American media company

National Geographic Partners, LLC is a joint venture between the Walt Disney Company (which owns 73% of the company) and the namesake non-profit scientific organization National Geographic Society (which owns 27%). Headquartered in Washington, DC, the company oversees all commercial activities related to the Society, including magazine publications and television channels. The company's board of managers is evenly divided between the Society and Disney.

The enterprise was originally established by 21st Century Fox and the National Geographic Society. Following the completion of Disney's acquisition of 21st Century Fox on March 20, 2019, Disney assumed 21CF's 73% share in the joint venture.

==Background==
National Geographic Society's relationship with 21st Century Fox goes as far back as 1997, when the original News Corporation (to which 21st Century Fox is one of the successors) launched National Geographic Channel (now simply branded as National Geographic) in Asia and Europe, in partnership with the Society. The original American version of the channel was launched in 2001. Additional National Geographic channels in other parts of the world were also launched under the original joint venture.

==History==
On September 9, 2015, the Society announced that it would reorganize its media properties and publications into a new company known as National Geographic Partners, which would be 73% owned by 21st Century Fox. This new, for-profit, corporation would own National Geographic and other magazines, as well as its affiliated television networks—most of which were already owned in joint ventures with Fox. At the time of the deal's announcement, James Murdoch, the CEO of 21st Century Fox, said in remarks to National Geographic that the pact created "an expanded canvas for the National Geographic brand to grow and reach customers in new ways, and to reach new customers." On November 2, 2015, roughly two weeks before the closing of the expanded joint venture deal, National Geographic and 21st Century Fox announced that 9 percent of National Geographic's 2,000 employees, approximately 180 people, would be laid off, constituting the biggest staff reduction in the Society's history. In November 2015, National Geographic Channels International CEO Ward Platt was promoted to National Geographic Partners, while the channel international and US were united under National Geographic Channels U.S. CEO Courteney Monroe as National Geographic Global Networks.

National Geographic Networks announced the production of four feature documentaries and reentry of NatGeo back into documentaries. Soon thereafter in January 2017, the network announced National Geographic Documentary Films banner for the four features.

In May 2017, the company acquired Global Adrenaline tour operator, a provider of National Geographic Expeditions for some of its land-based itineraries, which was founded in 2001 by CEO Nancy Schumacher.

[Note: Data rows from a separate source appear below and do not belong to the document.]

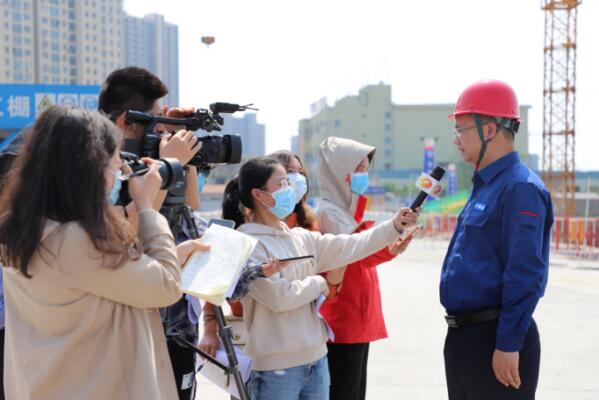 中央媒體采訪團(tuán)聚焦水電八局岳陽(yáng)東風(fēng)湖治理工程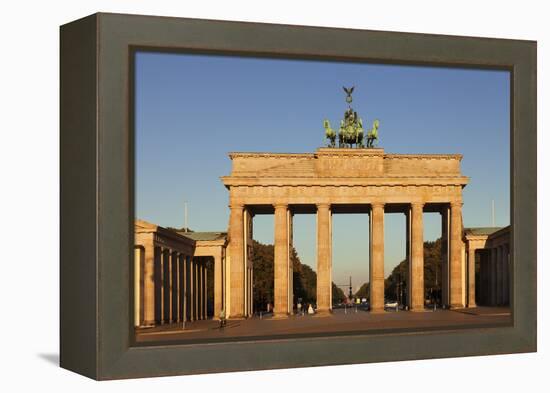 Brandenburg Gate (Brandenburger Tor) at sunrise, Quadriga, Berlin Mitte, Berlin, Germany, Europe-Markus Lange-Framed Premier Image Canvas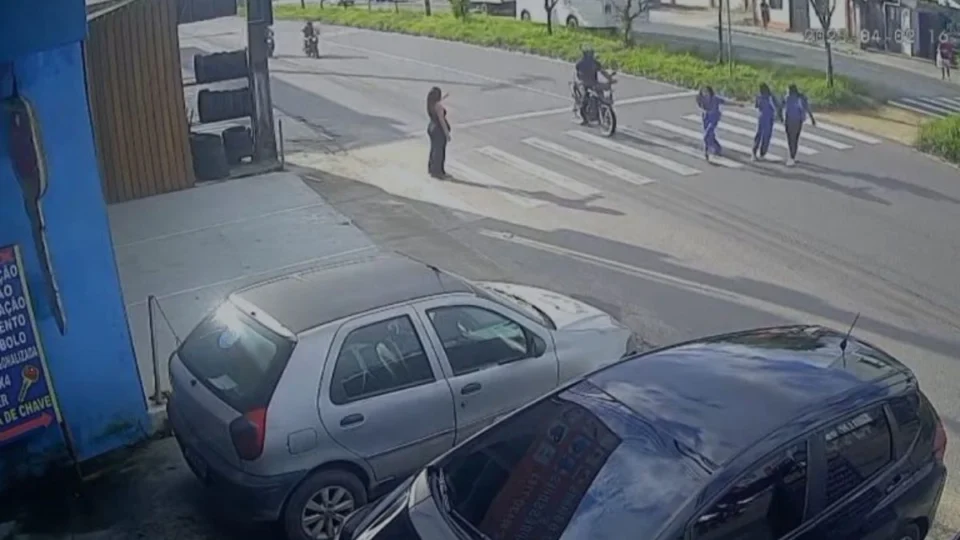 VÍDEO: adolescente é atropelada por moto ao sair de escola em Manaus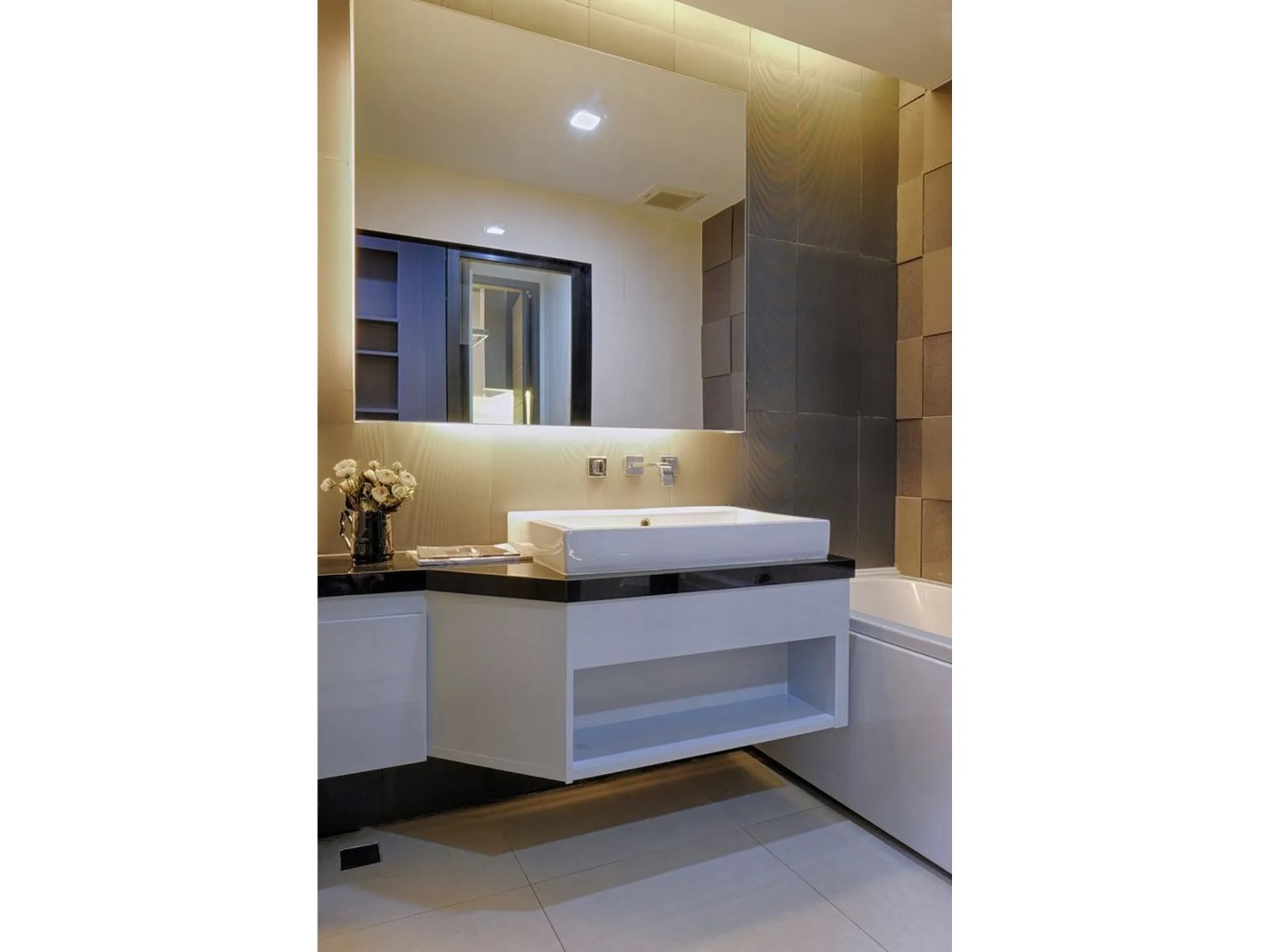 Property photos for Ivy Ampio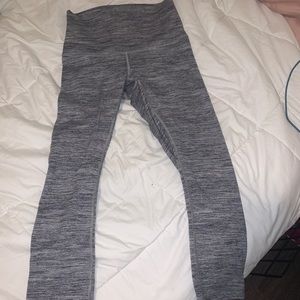 Lulu Lemon: HIGH TIMES space dye crops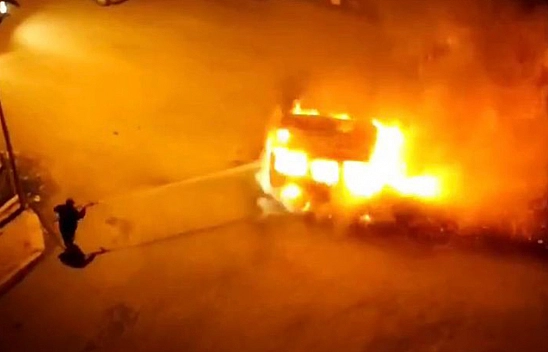 Elazığ'da Seyir Halindeki Hafif Ticari Araç Alev Alev Yandı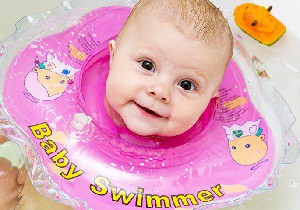 Со скольки месяцев можно использовать круг для купания новорожденных: цена аксессуара, преимущества и недостатки, популярные модели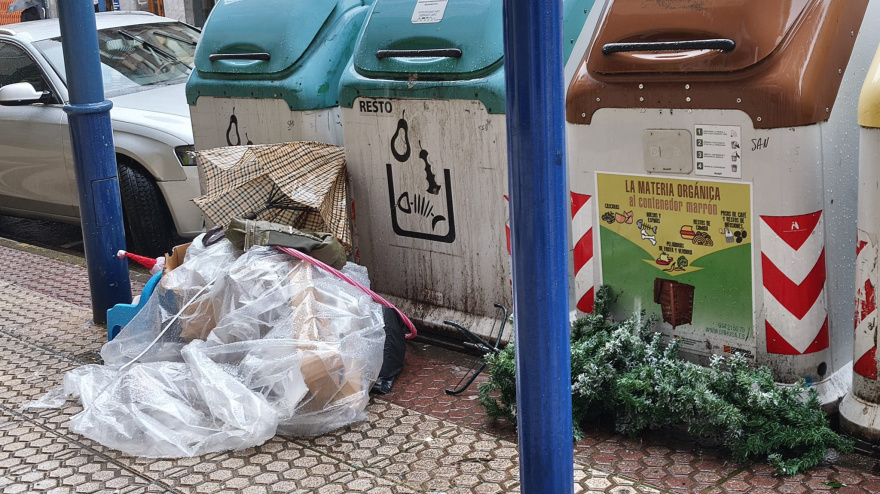 Enseres y basura en la vía pública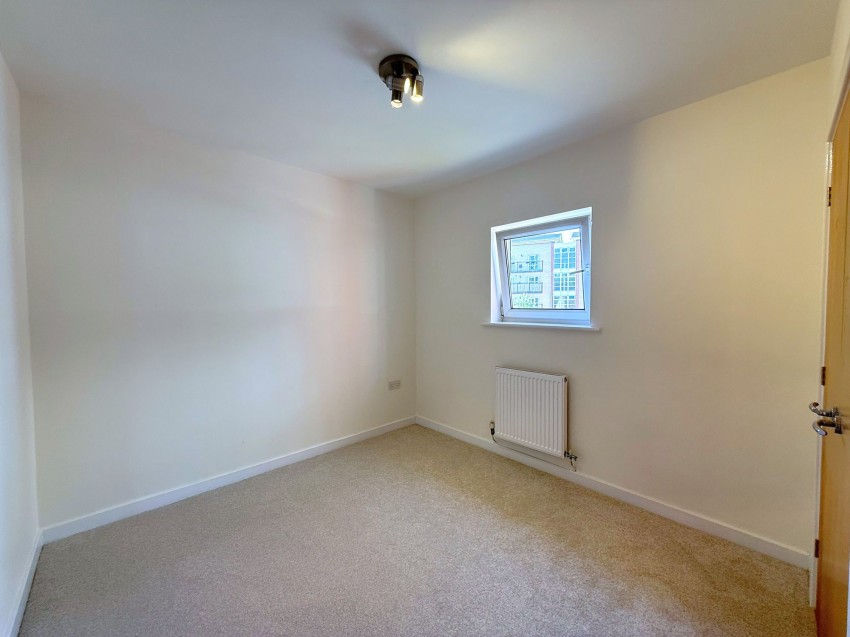 Images for Wharf Road, Sale, M33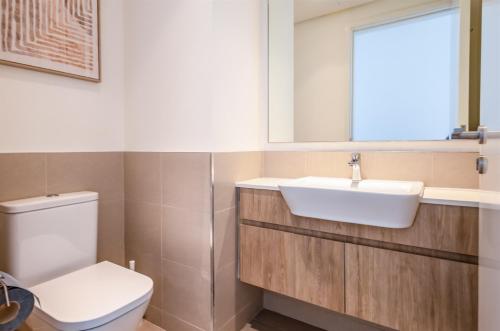 Elite LUX Holiday Homes - Upscale & Stylish 2BR Dubai Hills - image 10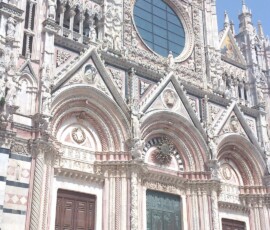 Katedra w Sienie – Duomo Gotycka katedra (Duomo) w Sienie z bogato zdobioną fasadą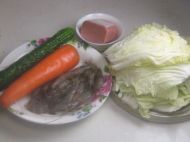 杂蔬鲜虾白菜卷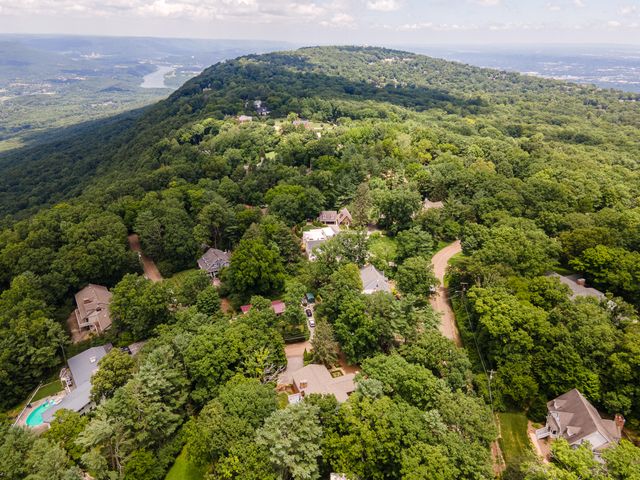 1008 Fort Stephenson Terrace, Lookout Mountain, TN 37350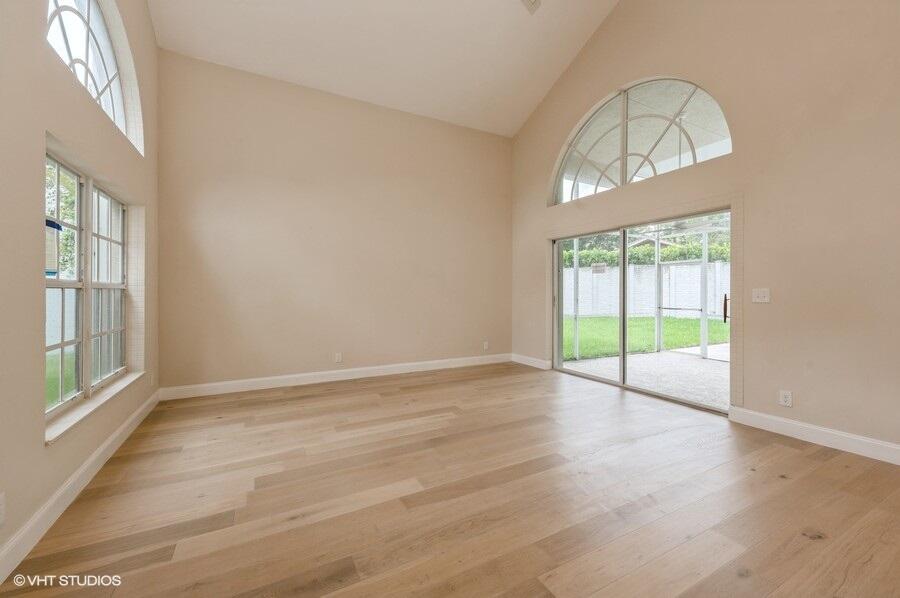 140 West Lee Road Delray Beach, FL 33445 - Photo 8 of 37 Living Room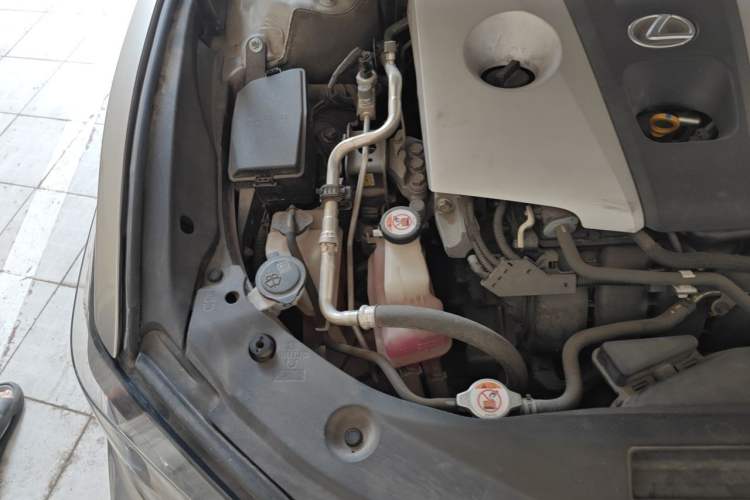 Used Lexus ES 2018 300h Premier Edition China VI Standard Engine Bay Right
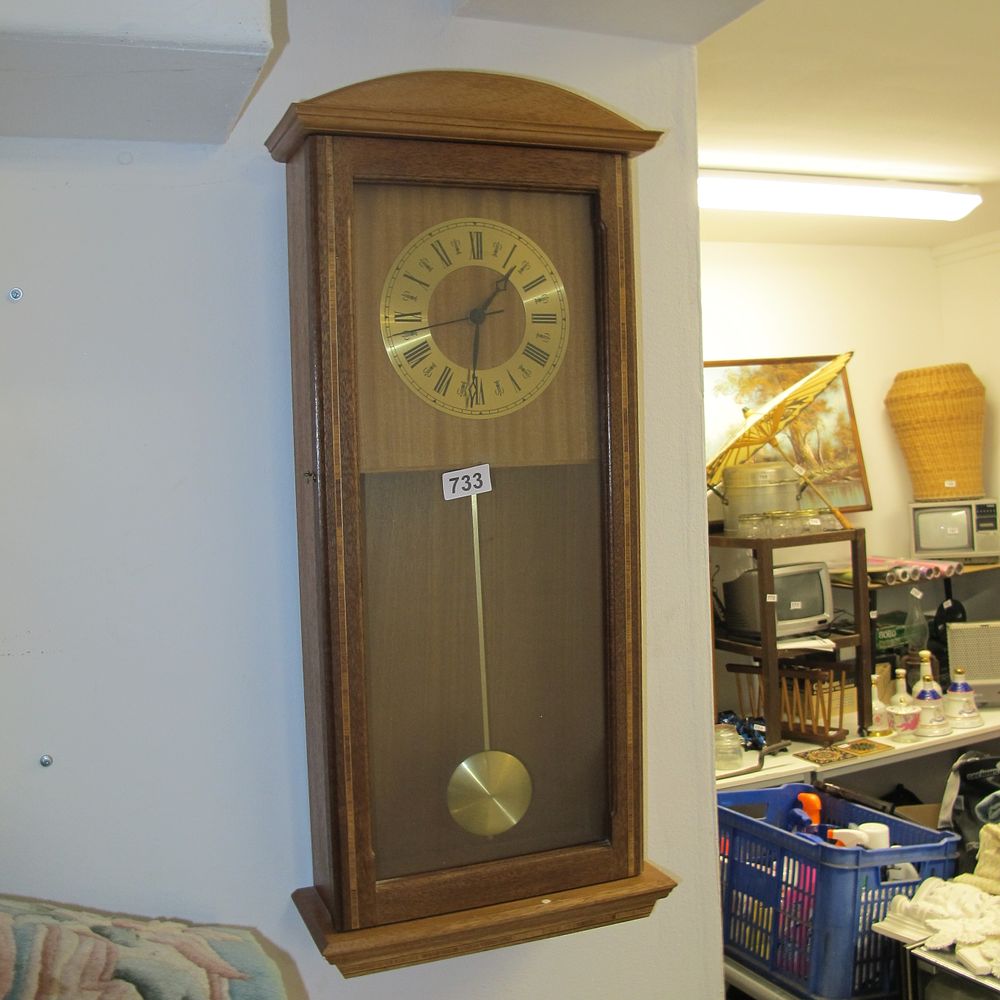 Lot 733: Item 733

In New York City in October 2017, the National Geographic Encounter: Ocean Odyssey attraction opened by SPE Partners under license. SPE brought on Falcon's Creative Group, Pixomondo, Mirada Studios, and composer David Kahne for the attraction's creative aspects. Ocean Odyssey was 90 minutes timed ticketed walk-through attraction with retail space plus private event space managed by the Shubert Organization. The attraction had closed by 2021.

Declan Moore was succeeded by Gary E. Knell as CEO of Nat Geo Partners in February 2018. In July, Moore reorganized the company including eliminating three top executive posts. Global network CEO would oversee a combine long and short form production company, National Geographic Studios. NG Media, as a one newsroom for content on all platforms, was formed bring digital, magazines and other short form content together. CFO Marcela Martin added the chief administrative officer (CAO) post leading the new Operating Council coordinating support functions.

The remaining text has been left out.